So I ate the calamari and I liked it. While this isn’t as catchy as Katy Perry’s “I kissed a Girl and I liked It,” the same principle applies here. People don’t know what they like or they don’t like unless they try it. I’m not saying that you have to go up to your partner or a friend of yours and put handcuffs on their bed and say “We’re doing this tonight” and stare at them until they do it. No, what I’m saying is keep an open mind and a positive attitude toward this stuff.

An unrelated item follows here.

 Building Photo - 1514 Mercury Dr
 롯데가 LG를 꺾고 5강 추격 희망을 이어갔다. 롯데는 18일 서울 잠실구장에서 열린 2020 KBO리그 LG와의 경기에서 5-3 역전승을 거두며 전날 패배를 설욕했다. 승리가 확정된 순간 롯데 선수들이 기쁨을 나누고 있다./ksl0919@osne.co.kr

Now, I said this was a cyclic pattern and here is where it comes into play. People don’t do things they’re uncomfortable with, right? Think about it. You avoid pain, awkward situations, speaking in front of others, meeting your in-laws and etc. because you don’t like how it feels. If you think something is going to be unpleasant, you will avoid it. As animals, we avoid the unknown because it frightens us on a primal level, as much as we’d like to deny it.

So, by not trying things, we become uncomfortable with them. And you’re uncomfortable so you don’t try things. Which means that since you don’t try things…you pickin’ up what I’m puttin’ down?

I equate it to pickles and coffee. I fucking hated pickles. Hated them. Would take them off my burgers and everything. A year or so ago. I ate a burger and forgot that the pickles were on it. Guess what? As I grew older, my palate had evolved and I guess I don’t mind pickles so much on my burgers now. I don’t take them off anymore so I guess that’s your proof. On the flipside? I will never ever ever drink coffee if I can help it. I hate the taste, tried it multiple times, and I don’t like it.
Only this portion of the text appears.